Historical Storm Pattern Match
Low WeightThe algorithm compares current forecast conditions against historical storm events that resulted in closures for each board. Pattern matching identifies combinations of variables that historically produced closures even when individual variables fell below threshold levels.
Prediction Accuracy
Accuracy varies by storm type and check time — the algorithm is most reliable at 5:00 AM.
Why marginal events are harder to predict: When overnight snowfall falls in the 5 to 12cm range, the closure decision shifts heavily toward real-time road condition assessments that no forecast model can replicate. Transportation assessors driving county roads at 3:00 AM have information that weather models cannot provide. snowdayprediction.ca reflects this uncertainty — marginal event scores of 40 to 65% accurately represent genuine ambiguity, not model failure.
When to Check the Predictor
The probability score changes as forecast data updates overnight. Two check times matter most.
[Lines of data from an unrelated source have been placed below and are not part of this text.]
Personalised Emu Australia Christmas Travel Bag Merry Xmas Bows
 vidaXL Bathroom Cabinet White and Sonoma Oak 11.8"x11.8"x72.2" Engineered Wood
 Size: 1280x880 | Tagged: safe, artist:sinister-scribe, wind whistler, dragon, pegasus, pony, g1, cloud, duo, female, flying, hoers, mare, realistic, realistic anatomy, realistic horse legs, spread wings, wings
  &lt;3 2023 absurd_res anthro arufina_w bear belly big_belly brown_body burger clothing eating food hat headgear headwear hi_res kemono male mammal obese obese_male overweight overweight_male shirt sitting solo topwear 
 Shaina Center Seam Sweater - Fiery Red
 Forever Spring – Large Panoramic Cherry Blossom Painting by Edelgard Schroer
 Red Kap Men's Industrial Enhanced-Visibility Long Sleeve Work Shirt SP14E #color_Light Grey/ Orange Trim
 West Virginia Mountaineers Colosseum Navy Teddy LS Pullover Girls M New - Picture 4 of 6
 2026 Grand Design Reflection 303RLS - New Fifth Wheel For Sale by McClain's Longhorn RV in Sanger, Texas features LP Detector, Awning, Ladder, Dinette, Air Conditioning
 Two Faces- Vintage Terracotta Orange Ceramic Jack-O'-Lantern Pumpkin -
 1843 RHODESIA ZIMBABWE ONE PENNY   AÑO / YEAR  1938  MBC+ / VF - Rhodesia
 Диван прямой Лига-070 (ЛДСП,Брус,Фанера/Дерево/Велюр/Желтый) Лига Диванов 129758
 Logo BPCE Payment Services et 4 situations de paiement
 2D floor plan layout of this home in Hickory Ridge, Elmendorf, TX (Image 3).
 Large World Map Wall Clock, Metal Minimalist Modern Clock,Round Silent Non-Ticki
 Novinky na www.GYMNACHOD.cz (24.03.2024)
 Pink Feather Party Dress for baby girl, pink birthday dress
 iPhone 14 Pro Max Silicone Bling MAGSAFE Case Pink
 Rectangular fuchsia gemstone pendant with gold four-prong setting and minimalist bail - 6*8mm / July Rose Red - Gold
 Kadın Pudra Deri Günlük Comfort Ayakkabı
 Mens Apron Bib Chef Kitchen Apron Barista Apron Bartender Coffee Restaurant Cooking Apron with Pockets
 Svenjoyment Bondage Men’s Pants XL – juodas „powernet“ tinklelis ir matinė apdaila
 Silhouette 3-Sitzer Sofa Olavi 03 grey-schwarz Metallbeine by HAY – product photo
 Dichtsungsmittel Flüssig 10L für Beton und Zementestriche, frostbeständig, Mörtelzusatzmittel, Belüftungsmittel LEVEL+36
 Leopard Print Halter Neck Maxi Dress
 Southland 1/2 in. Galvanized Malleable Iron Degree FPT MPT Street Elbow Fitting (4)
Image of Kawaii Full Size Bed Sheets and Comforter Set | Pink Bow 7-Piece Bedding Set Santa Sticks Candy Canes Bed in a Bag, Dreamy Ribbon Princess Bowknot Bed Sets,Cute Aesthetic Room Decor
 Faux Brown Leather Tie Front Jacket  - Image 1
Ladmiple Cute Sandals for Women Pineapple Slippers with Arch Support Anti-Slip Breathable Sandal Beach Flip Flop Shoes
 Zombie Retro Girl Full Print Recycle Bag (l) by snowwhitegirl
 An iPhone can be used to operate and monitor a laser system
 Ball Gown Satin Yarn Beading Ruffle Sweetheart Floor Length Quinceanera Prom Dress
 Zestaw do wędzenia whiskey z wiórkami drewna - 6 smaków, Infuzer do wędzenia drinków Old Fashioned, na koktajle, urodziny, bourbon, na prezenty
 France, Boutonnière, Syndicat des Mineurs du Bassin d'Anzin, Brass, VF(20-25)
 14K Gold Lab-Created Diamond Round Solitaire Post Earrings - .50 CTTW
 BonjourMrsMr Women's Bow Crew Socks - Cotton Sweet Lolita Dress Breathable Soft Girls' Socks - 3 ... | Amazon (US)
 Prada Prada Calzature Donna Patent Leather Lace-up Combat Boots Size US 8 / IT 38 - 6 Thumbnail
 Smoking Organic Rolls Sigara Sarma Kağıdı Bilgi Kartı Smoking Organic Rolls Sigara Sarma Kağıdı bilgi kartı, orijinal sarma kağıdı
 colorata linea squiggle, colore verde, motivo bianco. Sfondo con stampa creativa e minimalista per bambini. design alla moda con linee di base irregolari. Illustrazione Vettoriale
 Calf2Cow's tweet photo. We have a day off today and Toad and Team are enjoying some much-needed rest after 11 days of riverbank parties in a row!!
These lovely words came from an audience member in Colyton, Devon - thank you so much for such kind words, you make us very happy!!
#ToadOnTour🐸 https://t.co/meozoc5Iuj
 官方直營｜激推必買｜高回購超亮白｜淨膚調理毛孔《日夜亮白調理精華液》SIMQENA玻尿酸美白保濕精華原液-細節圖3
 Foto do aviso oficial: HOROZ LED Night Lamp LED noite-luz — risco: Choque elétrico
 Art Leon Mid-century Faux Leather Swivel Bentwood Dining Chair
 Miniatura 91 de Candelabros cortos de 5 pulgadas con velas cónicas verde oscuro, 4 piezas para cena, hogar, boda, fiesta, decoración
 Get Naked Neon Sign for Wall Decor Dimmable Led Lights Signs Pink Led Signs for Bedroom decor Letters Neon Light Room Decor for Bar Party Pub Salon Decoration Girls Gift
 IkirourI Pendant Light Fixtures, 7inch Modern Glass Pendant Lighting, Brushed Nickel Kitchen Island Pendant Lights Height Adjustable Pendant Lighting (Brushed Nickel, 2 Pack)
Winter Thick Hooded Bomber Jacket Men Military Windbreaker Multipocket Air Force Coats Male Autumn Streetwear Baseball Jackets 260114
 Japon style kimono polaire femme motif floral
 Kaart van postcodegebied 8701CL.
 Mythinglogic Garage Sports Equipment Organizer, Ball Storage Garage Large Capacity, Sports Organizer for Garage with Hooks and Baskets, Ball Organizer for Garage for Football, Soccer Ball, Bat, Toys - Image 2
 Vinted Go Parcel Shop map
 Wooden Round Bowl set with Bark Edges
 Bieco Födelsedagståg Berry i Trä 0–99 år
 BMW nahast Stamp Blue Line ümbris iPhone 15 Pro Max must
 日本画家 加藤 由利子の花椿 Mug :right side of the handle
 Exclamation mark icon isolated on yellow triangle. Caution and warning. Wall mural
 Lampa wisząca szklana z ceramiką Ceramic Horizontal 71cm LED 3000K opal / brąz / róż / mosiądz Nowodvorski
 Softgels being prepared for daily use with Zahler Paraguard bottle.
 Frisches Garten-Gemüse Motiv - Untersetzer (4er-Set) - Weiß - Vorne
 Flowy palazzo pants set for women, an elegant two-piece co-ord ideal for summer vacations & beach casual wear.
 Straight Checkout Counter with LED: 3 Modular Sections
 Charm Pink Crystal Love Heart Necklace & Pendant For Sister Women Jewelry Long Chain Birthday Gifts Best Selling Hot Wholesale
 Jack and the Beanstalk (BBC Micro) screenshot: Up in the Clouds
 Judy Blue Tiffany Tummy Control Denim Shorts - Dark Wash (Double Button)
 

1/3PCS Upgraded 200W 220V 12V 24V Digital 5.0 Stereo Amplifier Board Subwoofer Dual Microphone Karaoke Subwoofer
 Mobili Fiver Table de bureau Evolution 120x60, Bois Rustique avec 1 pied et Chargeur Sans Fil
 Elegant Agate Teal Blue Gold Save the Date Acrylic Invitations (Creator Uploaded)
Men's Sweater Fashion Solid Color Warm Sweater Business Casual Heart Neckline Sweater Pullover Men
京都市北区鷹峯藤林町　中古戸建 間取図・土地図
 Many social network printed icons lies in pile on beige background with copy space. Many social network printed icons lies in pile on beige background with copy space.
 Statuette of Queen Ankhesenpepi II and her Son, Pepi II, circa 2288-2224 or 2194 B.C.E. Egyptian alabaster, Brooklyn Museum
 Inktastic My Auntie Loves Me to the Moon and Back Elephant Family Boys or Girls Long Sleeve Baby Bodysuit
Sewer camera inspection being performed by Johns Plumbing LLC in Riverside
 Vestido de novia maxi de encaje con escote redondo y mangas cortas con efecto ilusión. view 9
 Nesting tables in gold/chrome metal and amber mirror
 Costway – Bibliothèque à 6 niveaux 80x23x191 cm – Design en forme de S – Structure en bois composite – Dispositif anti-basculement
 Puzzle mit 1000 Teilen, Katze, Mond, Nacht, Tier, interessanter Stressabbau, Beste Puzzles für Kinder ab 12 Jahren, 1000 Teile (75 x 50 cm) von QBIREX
Evening Check — Plan Ahead
The 9pm check gives the first reliable probability read for the following morning. Environment Canada's overnight forecast has typically stabilized by 9pm. A score above 70% at 9pm warrants backup childcare arrangements. A score below 30% at 9pm rarely results in a closure.
Morning Check — Final Read
The 5am check reflects the latest forecast data and aligns with the window when transportation assessors are actively driving routes and bus operators are making cancellation decisions. This is the most accurate pre-announcement probability available. Most Ontario boards announce by 6:00 AM.
Important Disclaimer
snowdayprediction.ca is a probability tool — not an official source. School closure decisions are made exclusively by school boards and are announced on board websites, board Twitter accounts, and local radio stations. Always verify closures through official board sources before making decisions.
snowdayprediction.ca is not affiliated with any school board, government agency, or Environment Canada. Weather data is sourced from Environment Canada MSC Datamart and Open-Meteo under open data licenses.